想想我也就释然了,接通了手机,询问黄仁义打电话有什么事。
丫的开口就没个正形,“周老弟,听说你卷上了一场凶杀案,警察都把电话打到我这里来了,到底啥情况啊,人不会真是被你杀的吧?”
我被气的直翻白眼,说人要是我杀的,还能被放出来接你电话吗?
黄仁义干笑了一阵,说也是,接着又问我到底咋回事。
我把前因后果一说,黄仁义立刻就觉察到了不对味,“等等,你说房东是怎么死的?”
我说我特么哪儿知道,反正警察说是被吓死的,估计错不了。黄仁义哼笑道,“放屁,好端端的一个大活人怎么会无缘无故被吓死?这件事肯定有蹊跷,搞不好是走了背字,遇上什么不干净的东西。”

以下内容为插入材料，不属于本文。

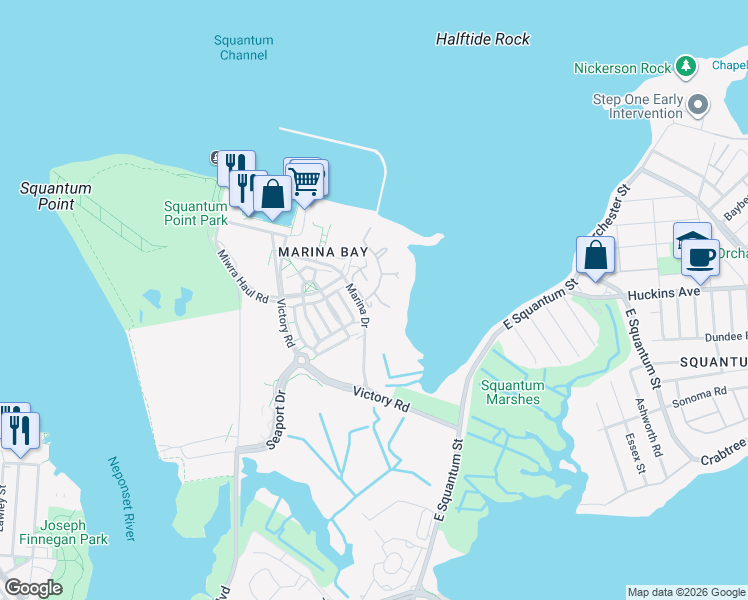 map of restaurants, bars, coffee shops, grocery stores, and more near 25 Harbourside Road in Quincy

我笑笑,说你丫纯属胡说八道,这光天化日朗朗乾坤,还是在城市里边,哪会有什么不干净的东西,你是不是职业病犯了,又像骗钱?
黄仁义撇嘴说,“我知道你对我有看法,但老子从来不拿死者开玩笑,算了,我又不认识你房东,管这么多干嘛,既然你小子已经出狱我也就放心了,以后有事再联系吧。”
说完他就撂了电话,我却不急着回家了,反复琢磨这件事,感觉事情确实有点蹊跷,余光看向小区后面的树林,迟疑再三,还是硬着头皮走了过去。
杨警官说过,勇哥的尸体是在小区后面的小树林里发现的,那地方距离我家不远,反正闲着也是闲着,不如去树林看看。
没一会儿我就到了地方,这片树林不大,里面杂草丛生到处堆满了垃圾,除了一些环卫工人,平时很少有人路过,我一直想不通,勇哥好端端的干嘛跑到这个鬼地方来?
进了树林,里面一片荒凉,因为出了勇哥的事,现在更没人赶紧这片树林了,当时才下午四点多,树林里的光线却显得很阴暗,我走在这条荒废的小道上,莫名其妙地感觉后背凉飕飕的,身体发凉,鸡皮疙瘩也全都立起来。
不知道为什么,这鬼地方让我产生了很强烈的排斥感,总觉得看似平静的树林下,可能隐藏着什么没被我发现的东西。